Since only the text is wanted, print every entry below exactly and omit the images.

**EXERCISE DATA**.
::::::::::

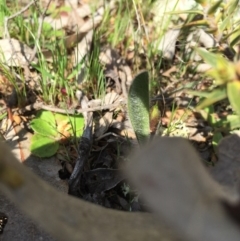 Caladenia actensis at suppressed - suppressed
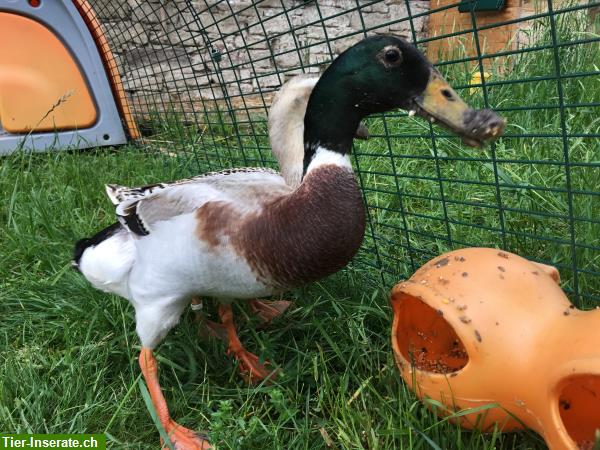 Gastarbeiter Laufenten mieten gegen Schnecken im Garten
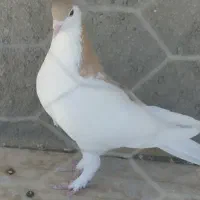 ی عدد خال راست زرد
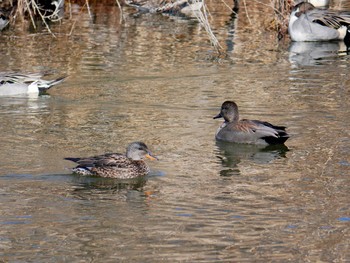 Gadwall 辰巳公園(長野県) Sat, 1/20/2018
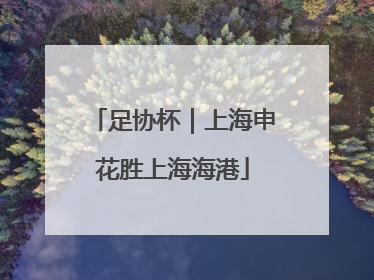 足协杯｜上海申花胜上海海港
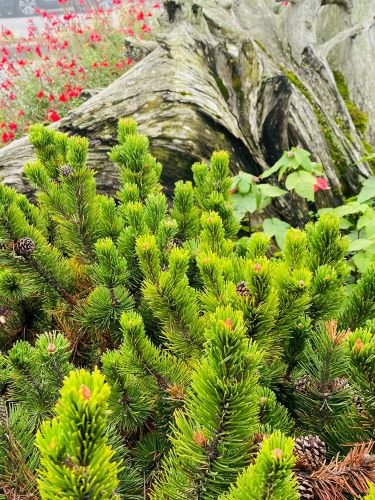 Stock Photo Pine Shrub.jpeg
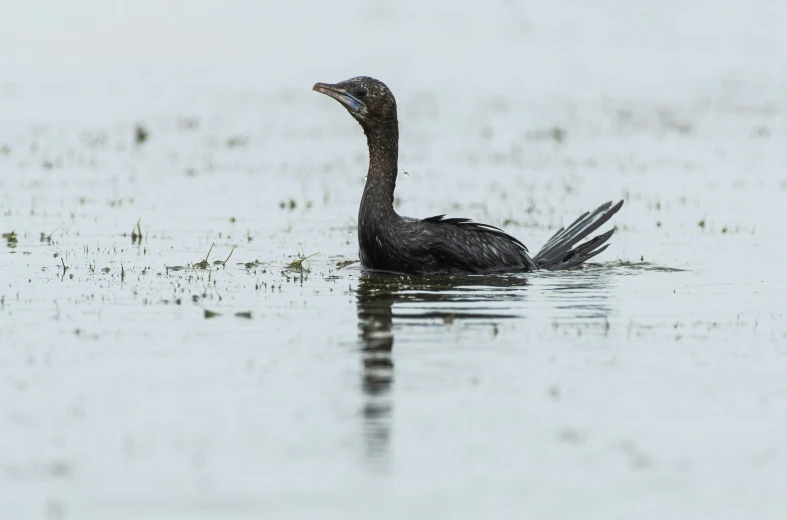 a black bird floating on top of a lake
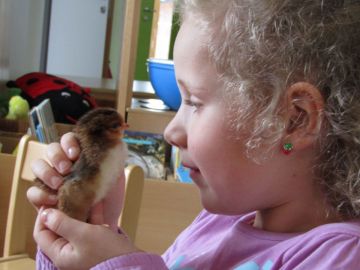 unglaublich, neues Leben in der Hand zu halten Foto: Eveline Kreyca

::::::::::

**EXERCISE SOLUTION**.
 Caladenia actensis at suppressed - suppressed
 Gastarbeiter Laufenten mieten gegen Schnecken im Garten
 ی عدد خال راست زرد
 Gadwall 辰巳公園(長野県) Sat, 1/20/2018
 足协杯｜上海申花胜上海海港
 Stock Photo Pine Shrub.jpeg
 a black bird floating on top of a lake
 unglaublich, neues Leben in der Hand zu halten Foto: Eveline Kreyca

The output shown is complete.